MODERN AND CONTEMPORARY ART GALLERY IN CÉRET
THE GALLERY
Since its creation, eighteen years ago, the gallery is dedicated to Modern and Contemporary Art, depicted by its exhibitions and permanent collections.
Some of the most beautiful pages of Modern Art have been written in our locality. It all began in Céret in 1909 with the arrival of Manolo, Déodat de Severac and Burty-Havilland. Many others followed, including Picasso, Max Jacob, Braque, Gris, Herbin, Kisling; Then from 1916, Brune, Krémègne, Soutine, Loutreuil and Masson. The forties were marked by the arrival of Mucha, Dufy and that of Pignon among others. These are the roots that make up the foundations of the exhibitions.
The contemporary painters we represent open up our understanding on today’s paintings. The diversity of trends presented does not express a formal eclecticism, we are not neutral. It is the result of our many questions regarding the "effect of painting", the thread of a labyrinthine reflection but homogeneous in its foundations.
THE SHOCK OF THE POSSIBLE
Will this time have a style?
Will the spirit of the time that precedes or come after the artistic creation leave a marked imprint?

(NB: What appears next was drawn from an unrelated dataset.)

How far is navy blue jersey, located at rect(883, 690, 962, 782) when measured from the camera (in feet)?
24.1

The weakness of religion, the absence of utopias or motivating ideologies, no longer provoke a vanguard that regularly reverses the dominant art.
Today’s artistic scene is too varied and uncertain. Will this indeterminacy succeed in representing our period, or does it favour exploitation by the powers of the market and institutions?

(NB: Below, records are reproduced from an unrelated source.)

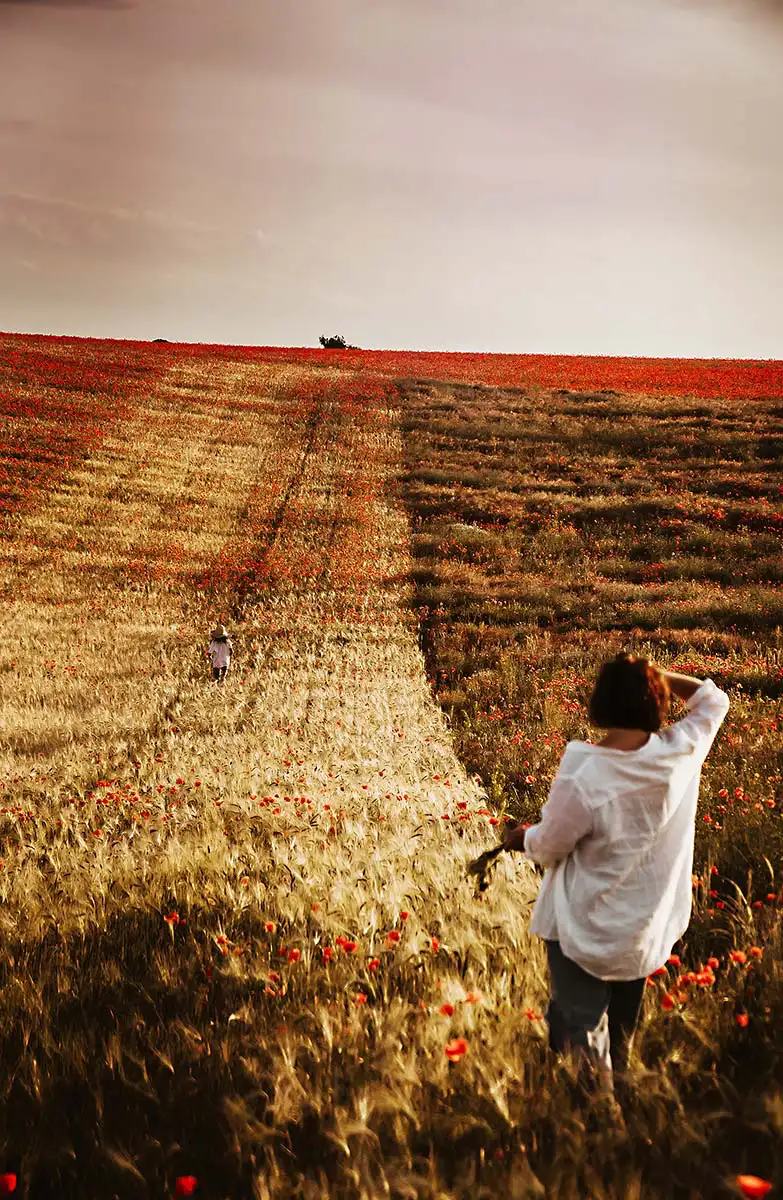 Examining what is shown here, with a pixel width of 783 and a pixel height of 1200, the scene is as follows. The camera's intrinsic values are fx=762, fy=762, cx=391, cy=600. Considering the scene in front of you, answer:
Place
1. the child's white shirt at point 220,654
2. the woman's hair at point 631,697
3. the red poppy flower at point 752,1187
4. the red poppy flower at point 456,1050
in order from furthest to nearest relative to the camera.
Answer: the child's white shirt at point 220,654 → the woman's hair at point 631,697 → the red poppy flower at point 456,1050 → the red poppy flower at point 752,1187

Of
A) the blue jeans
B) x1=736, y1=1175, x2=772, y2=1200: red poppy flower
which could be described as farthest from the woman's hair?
x1=736, y1=1175, x2=772, y2=1200: red poppy flower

In the name of what, since there is no longer any sense, these two systems (when not in collusion) can regulate their respective excesses.
The militant speeches of the "imaginary rebels" on the social function of art deal with politico-media clichés and ignore the real and embodied connection of our lives with the style that will necessarily flow from it.
A group of artists can no longer work on a common approach, the school effect is anachronistic. Only a theme could bring them together but it would shield the present inconsistency that we want to stress on.
Its global character paradoxically forms a plural homogeneity which would finally be the hypothesis of a style, from which various aesthetic and conceptual emotional tensions will resonate together, but in an autonomous, atomised manner, without any apparent symphonic direction; All strangely inscribed with relevance in a collective history of non-totalizing art.
The partial truth of an artist presupposes the partial truth of the other, and both are experienced as absolute in their totality.
Each one traces his own path to a common goal that will later reveal itself: this is the "shock of the possible".